A 107-foot vessel weighing 350 tons classified as a “super yacht” was recklessly set adrift on January 22.
The former tugboat now painted bright red was converted into a super yacht. Twice the size as an average yacht, it was rechristened as the Owatanna. The luxurious Owatanna was moored at Sausalito Yacht Harbor—offered for sale at $1.5 million—when someone under mysterious circumstances cut its moorings.
It drifted from a sheltered area of Richardson Bay into busy San Francisco Bay, where a ferryboat captain spotted it, and alerted the U.S. Coast Guard about it as a nautical hazard.
When Coast Guard officers boarded the Owatanna, they located Douglass J. Crandall, a 48-year-old transient known for living on anchored boats.

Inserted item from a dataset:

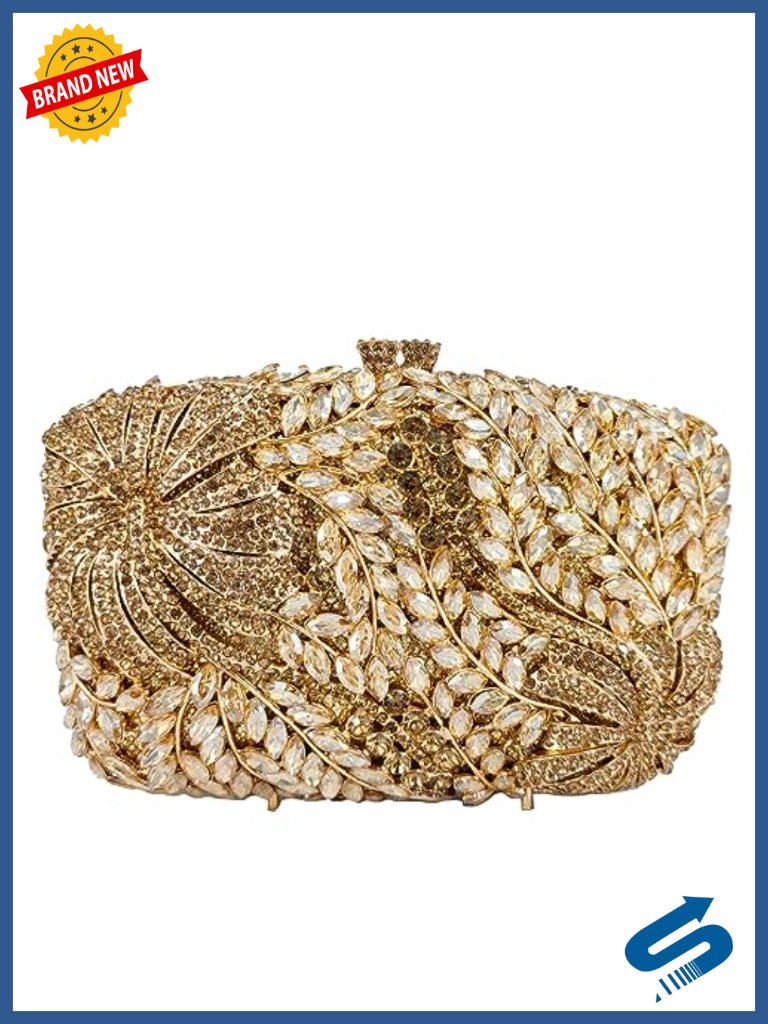 Crystal Embellished Floral Clutch Evening Bag With Chain Straps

The vessel was returned to the harbor and the Coast Guard turned Crandall over to the Sausalito Police Department for further investigation.

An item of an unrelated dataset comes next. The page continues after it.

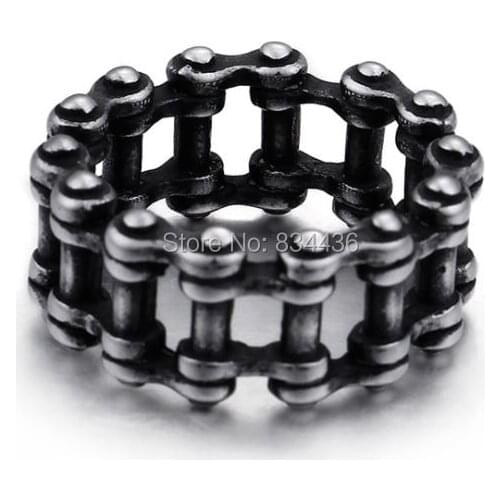 Top quality Stainless Steel Ring Cool Motorcycle Tire Rings for Men Hip Hop Punk Women Male Ring Punk Party Gifts wholesale 5pcs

It was later determined by the local police that someone at the Sausalito Yacht Harbor had recently seen Crandall and chased him off another vessel that’s moored there.
Following an investigation, Crandall was accused of being responsible for breaking a window on the vessel and cuttings its moorings; jumping into the bay, swimming out to and then illegally boarding the super yacht.
Crandall was subsequently booked at Marin County Jail on January 22 at 1:12 p.m., where he’s being held in lieu of $15,000 bail. He’s charged with grand theft of a vessel, willfully setting adrift or sinking a vessel, and vandalism.